# TO DO:
Word for word, print out all of the data, omitting every image.

# DATA BLOCK:
= Beginning of Section =

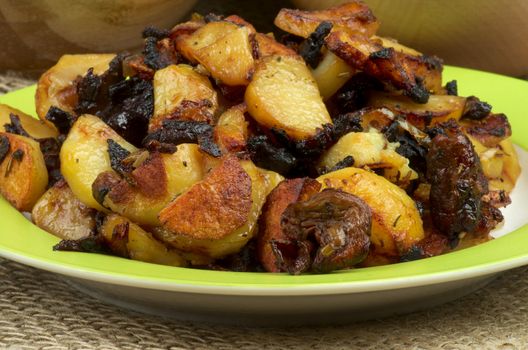 Traditional Roasted Potato with Mushrooms, Onion and Spices on Green Plate close up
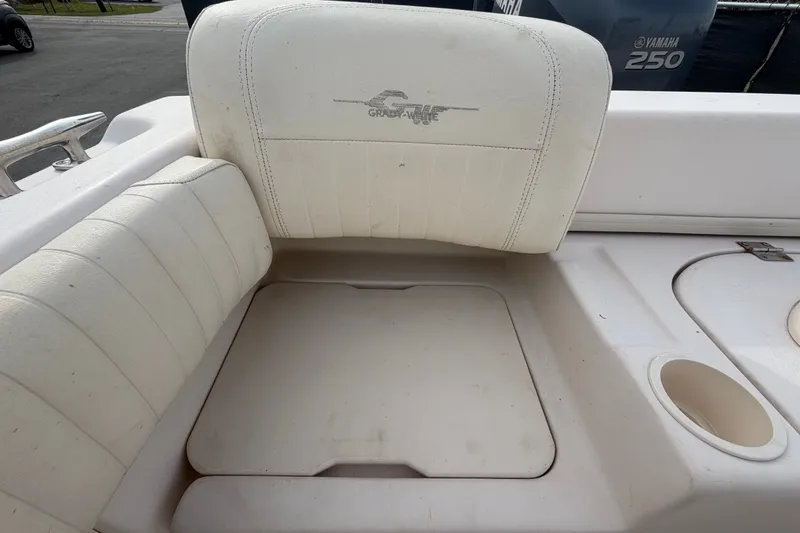 Slide: The Image of 2008 Grady-White Seafarer 228 boat seat with cup holder and logo. - 73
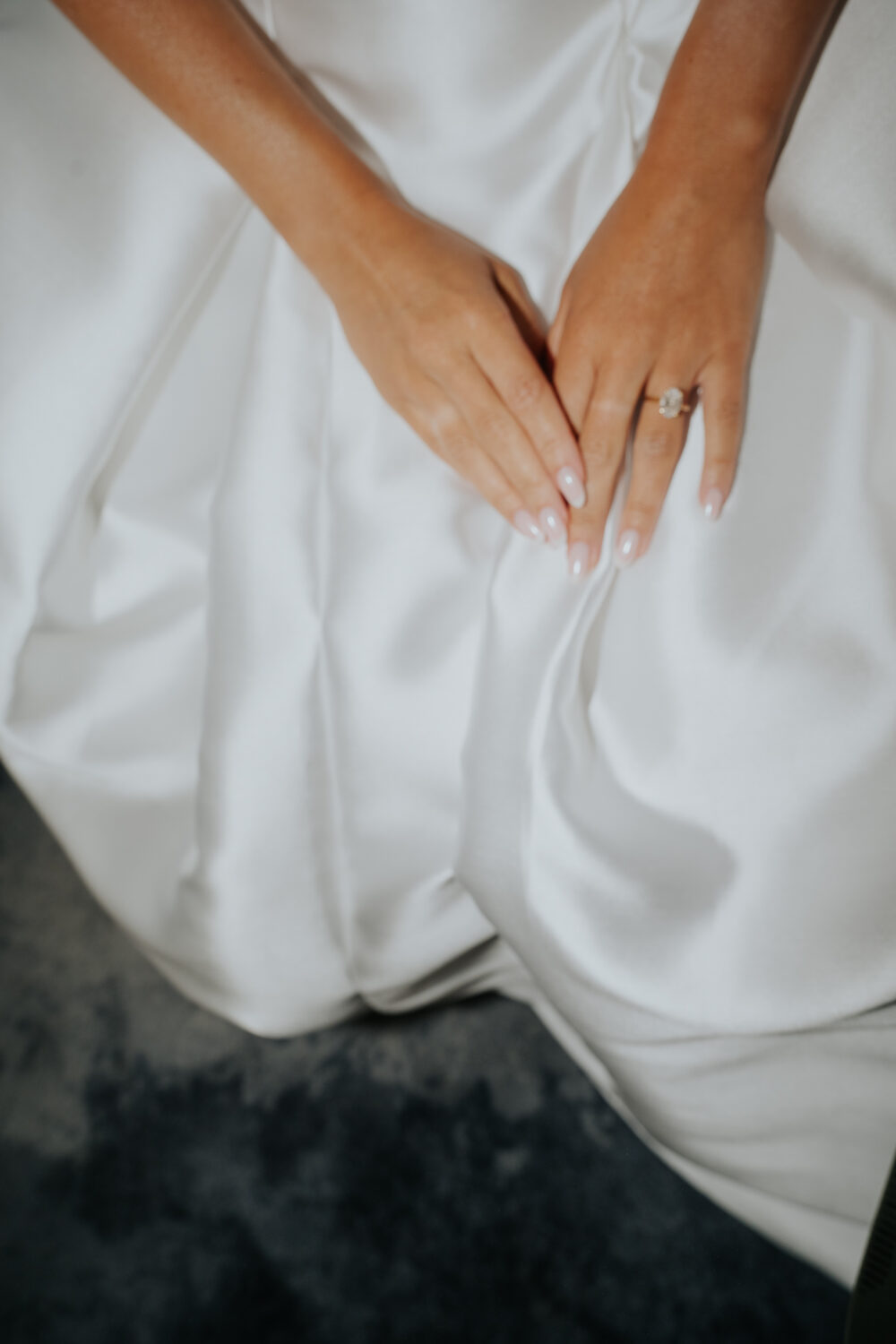 Bride putting on her ivory heeled shoe with help from a bridesmaid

= End of Section =

# RESPONSE TO THE TASK:
 Traditional Roasted Potato with Mushrooms, Onion and Spices on Green Plate close up
 Slide: The Image of 2008 Grady-White Seafarer 228 boat seat with cup holder and logo. - 73
 Bride putting on her ivory heeled shoe with help from a bridesmaid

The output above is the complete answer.